Magazine article Artforum International

Jimmy Wright: Fierman

Magazine article Artforum International

Jimmy Wright: Fierman

Article excerpt

Though freshly painted and well lit, David Fierman's new Lower East Side gallery is something of a hole-in-the-wall--a very tiny, these days rare, unrenovated storefront space that lends itself to intimate and focused shows.

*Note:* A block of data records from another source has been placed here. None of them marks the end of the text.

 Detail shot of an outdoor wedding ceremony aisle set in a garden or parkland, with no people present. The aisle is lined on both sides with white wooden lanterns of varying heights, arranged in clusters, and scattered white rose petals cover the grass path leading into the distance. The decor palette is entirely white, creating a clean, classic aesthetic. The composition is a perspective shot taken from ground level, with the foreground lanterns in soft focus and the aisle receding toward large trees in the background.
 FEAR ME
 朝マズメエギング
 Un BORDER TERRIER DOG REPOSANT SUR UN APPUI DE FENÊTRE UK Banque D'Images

Painter Jimmy Wright's "New York Underground," a collection of voluptuous, ebullient, and funny works on paper from between 1974 and 1976, felt especially appropriate to the charming, bare-bones venue, as his casually explicit depictions of gay nightlife--cruising, public sex, and socializing in clubs, bathrooms, and bathhouses, speak to a bygone era of downtown subculture. "This is the world of the Weimar Republic," the artist has said of the post-Stonewall, pre-AIDS moment he represents here. "Too rich visually not to record."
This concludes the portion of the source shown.